I once had a neighbor fall for a work-at-home scam where she had to pay for training to get a job assembling small items at home.

If she had the slightest grip on reality she would never have believed she could compete with third-world or even second-world workers making $1/day.

In the same way today some parts of the government are proposing spending lots of money to train U.S. workers to build solar panels and wind turbines.

That reminds me of another neighbor who, 10 years ago at age 55 lost his job and was paid to retrain in computer technology. Some government agency actually thought he could compete with high school graduates who had been working with computers all their lives.

He couldn’t even touch-type. Needless to say he found no employment as a computer technician or network engineer.

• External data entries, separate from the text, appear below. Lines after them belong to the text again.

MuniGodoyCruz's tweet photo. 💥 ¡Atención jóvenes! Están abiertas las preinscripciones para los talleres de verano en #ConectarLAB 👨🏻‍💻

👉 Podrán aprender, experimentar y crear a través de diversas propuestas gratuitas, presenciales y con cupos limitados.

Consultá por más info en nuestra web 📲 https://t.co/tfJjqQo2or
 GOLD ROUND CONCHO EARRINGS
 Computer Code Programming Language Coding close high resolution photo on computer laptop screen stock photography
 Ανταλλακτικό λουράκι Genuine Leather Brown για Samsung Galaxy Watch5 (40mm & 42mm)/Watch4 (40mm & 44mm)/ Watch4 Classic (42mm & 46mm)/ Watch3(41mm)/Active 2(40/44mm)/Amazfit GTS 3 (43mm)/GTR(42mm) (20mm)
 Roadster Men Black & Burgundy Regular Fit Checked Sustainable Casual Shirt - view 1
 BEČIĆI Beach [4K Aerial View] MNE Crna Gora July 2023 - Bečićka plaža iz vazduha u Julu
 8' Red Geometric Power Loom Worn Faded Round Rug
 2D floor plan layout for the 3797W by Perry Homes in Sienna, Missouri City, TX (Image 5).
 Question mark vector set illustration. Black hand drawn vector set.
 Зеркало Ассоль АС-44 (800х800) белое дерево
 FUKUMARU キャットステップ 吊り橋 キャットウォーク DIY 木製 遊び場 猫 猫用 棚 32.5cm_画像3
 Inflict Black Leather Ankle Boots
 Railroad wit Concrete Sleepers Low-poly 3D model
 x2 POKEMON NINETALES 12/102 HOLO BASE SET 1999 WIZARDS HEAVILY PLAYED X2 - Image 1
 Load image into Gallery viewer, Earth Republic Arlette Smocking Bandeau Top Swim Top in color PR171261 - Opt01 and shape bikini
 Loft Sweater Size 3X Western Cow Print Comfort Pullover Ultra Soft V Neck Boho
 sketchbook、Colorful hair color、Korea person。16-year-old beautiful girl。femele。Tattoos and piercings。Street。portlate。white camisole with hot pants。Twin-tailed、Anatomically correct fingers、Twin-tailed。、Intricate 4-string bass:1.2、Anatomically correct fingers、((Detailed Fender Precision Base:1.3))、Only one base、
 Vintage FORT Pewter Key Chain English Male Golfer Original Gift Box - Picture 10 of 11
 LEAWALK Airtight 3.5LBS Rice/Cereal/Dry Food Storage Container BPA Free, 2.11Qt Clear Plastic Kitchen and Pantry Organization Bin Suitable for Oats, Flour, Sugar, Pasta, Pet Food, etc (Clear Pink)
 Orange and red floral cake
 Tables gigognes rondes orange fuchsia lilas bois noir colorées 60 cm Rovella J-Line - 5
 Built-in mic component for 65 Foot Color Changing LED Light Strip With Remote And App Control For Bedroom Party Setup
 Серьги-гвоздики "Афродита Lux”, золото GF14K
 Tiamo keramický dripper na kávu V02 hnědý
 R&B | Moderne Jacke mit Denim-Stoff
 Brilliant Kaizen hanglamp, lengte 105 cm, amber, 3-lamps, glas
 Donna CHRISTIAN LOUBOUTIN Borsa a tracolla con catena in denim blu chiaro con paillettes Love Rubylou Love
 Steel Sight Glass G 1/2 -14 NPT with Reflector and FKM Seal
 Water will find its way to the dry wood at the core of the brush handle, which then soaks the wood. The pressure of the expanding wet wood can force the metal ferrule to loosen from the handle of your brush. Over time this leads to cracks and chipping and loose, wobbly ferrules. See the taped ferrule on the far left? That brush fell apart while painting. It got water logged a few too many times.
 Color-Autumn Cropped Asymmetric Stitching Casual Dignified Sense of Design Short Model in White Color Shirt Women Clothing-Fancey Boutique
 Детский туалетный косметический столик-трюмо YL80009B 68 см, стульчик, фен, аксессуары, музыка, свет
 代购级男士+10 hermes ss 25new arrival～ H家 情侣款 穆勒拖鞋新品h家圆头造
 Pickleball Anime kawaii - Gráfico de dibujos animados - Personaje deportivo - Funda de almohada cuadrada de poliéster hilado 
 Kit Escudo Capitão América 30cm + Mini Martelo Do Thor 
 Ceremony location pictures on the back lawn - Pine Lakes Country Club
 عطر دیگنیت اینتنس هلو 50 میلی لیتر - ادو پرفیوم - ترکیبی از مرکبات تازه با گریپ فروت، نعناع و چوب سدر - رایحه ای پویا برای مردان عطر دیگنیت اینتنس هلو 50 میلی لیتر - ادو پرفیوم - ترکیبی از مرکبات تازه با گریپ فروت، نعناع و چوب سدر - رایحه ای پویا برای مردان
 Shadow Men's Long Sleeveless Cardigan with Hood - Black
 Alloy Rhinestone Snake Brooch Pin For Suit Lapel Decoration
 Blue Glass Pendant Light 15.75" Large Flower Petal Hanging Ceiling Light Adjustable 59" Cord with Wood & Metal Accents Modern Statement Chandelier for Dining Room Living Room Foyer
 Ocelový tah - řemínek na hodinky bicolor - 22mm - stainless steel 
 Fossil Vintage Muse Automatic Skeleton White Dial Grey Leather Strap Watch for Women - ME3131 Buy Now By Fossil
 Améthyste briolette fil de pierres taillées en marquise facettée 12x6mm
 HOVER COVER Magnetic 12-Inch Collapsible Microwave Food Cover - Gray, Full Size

Unfortunately, as much as I wish it weren’t true, the same fate awaits most unemployed adults in the U.S. who might be looking to make a new career in green energy and rise much above the recycling or basic assembly level. China is already the dominant producer and probably no one can compete long term.

For example, back in August, 2009, The New York Times reported “Chinese companies have already played a leading role in pushing down the price of solar panels by almost half over the last year. Shi Zhengrong, the chief executive and founder of China’s biggest solar panel manufacturer, Suntech Power Holdings, said in an interview that Suntech, to build market share, is selling solar panels on the American market for less than the cost of the materials, assembly and shipping.”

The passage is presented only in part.